Sans doute Rigaud assista-t-il aux somptueuses funérailles de son protecteur et ami en l'église Saint Roch et accompagna sa dépouille aux Jacobins. Alors que Mignard avait glorifié ses propres traits au sein d’une mise en scène ronflante rappelant ses charges, le jeune artiste catalan choisit de concentrer son talents sur l’expression pure dans un tableau tout emprunt d’une lumière diffuse et centralisée sur le modèle, laissant le reste du décor dans une atmosphère d’ombre propre aux peintres du nord. Si Mignard et Le Brun étaient notoirement en proie à une rivalité acharnée, Hyacinthe Rigaud sut garder leur amitié conjointe puisque c’est notamment Le Brun, rappelons-le, qui conseilla au catalan de ne point faire son voyage à Rome que son prix de 1682 autorisait, afin de se consacrer au portrait. Près de quarante ans après son œuvre, Rigaud aura d’ailleurs l’occasion de réunir les deux rivaux, non sans malice, au sein d’un dessus de porte que lui commandera François de Castanier [P.1363].
Pour que le jeune graveur Schmidt puisse réaliser une estampe dont on s’accorde à louer la qualité, le portrait de Mignard fut momentanément rendu à Rigaud sans sa bordure vers 1741 et s’y trouvait encore à la mort du catalan, comme il appert de la levée des scellés après la mort de Rigaud le 29 décembre 1743 (voir annexes). L’Académie dépêcha donc le recteur Pierre-Jacques Cazes et le professeur Jean Restout pour venir récupérer le tableau.
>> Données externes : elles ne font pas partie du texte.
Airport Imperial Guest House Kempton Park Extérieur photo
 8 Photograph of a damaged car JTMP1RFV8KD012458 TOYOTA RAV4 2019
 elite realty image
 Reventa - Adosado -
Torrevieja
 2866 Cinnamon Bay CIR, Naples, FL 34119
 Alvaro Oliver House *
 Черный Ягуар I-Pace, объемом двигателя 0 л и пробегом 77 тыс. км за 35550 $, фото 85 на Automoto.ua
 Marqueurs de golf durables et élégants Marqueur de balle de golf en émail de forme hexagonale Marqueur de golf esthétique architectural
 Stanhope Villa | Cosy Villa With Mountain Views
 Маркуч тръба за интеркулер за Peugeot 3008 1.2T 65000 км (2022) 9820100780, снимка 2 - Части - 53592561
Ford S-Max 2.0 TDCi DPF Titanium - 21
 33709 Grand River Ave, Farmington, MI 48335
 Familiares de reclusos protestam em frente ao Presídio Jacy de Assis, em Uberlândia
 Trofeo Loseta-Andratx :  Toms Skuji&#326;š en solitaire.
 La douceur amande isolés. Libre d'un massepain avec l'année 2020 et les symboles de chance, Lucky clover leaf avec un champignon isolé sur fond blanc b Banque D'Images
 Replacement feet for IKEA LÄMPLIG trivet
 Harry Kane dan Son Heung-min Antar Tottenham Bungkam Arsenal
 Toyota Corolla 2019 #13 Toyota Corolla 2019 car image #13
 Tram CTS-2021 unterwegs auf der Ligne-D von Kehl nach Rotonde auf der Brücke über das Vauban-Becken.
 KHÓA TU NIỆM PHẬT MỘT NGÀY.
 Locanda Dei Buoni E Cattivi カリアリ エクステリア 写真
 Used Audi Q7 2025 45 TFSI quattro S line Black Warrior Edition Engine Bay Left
Le portrait se trouvait alors dans ce que les actes appellent la « salle aux tableaux, […] grande chambre ayant veue sur la cour de lad. maison ». Le récit nous informe sans doute à tort que, d’après Cazes et Restout, le portrait de Mignard constituait le morceau de réception à l’Académie de Rigaud (p. 54). En intégrant le dessin figurant Mignard à son exposition, Dominique Brême a pensé qu’il pouvait s’agir d’une œuvre autographe de Rigaud, ou du moins retouchée par lui après que Montmorency ait esquissé le travail et en ait été payé en 1708. Très vraisemblablement ce dessin fut-il élaboré en vue de la transposition du portrait de Mignard à la gravure par Georg Friedrich Schmidt (1712-1775) pour sa réception à l’Académie en 1741, nous venons de le voir. Les relations entre Rigaud et Schmidt furent, comme l’on sait, très étroites à l’instar de celles que le peintre entretenait avec le graveur Wille : « Ce fut Hyacinthe Rigaud qui décida de sa fortune. […] Encouragé par la bienveillance et les bontés de l’illustre peintre, il s’ouvrit à lui son ardent désir d’arriver, de la confiance qu’il se croyait en droit d’avoir en lui-même, de sa conviction qu’il ne lui manquait qu’une occasion pour se montrer un graveur absolument supérieur » (Portalis). D’ailleurs, c’est sur les instances de ses amis, et après le succès de sa première œuvre d’après Rigaud, le portrait gravé du comte d’Évreux, que Schmidt résolu d’entrer à l’Académie. Parce qu’il était protestant, c’est encore Rigaud qui fit intervenir le contrôleur général Orry : « Messieurs, Monsieur Schmidt, graveur a supplié le roi de faire, en sa faveur, une exception à la loi qui défend de recevoir aucun protestant dans les Académies royales, et de permettre qu’il se présente dans l’Académie de peinture et de sculpture. Sa Majesté, ayant égard au mérite particulier de M. Schmidt connu pour s’être distingué dans la gravure, approuve sa demande […] » (Lettre d’Orry à l’Académie du 3 mai 1742 citée dans Crayen, 1789). Le morceau de réception fut achevé en 1744.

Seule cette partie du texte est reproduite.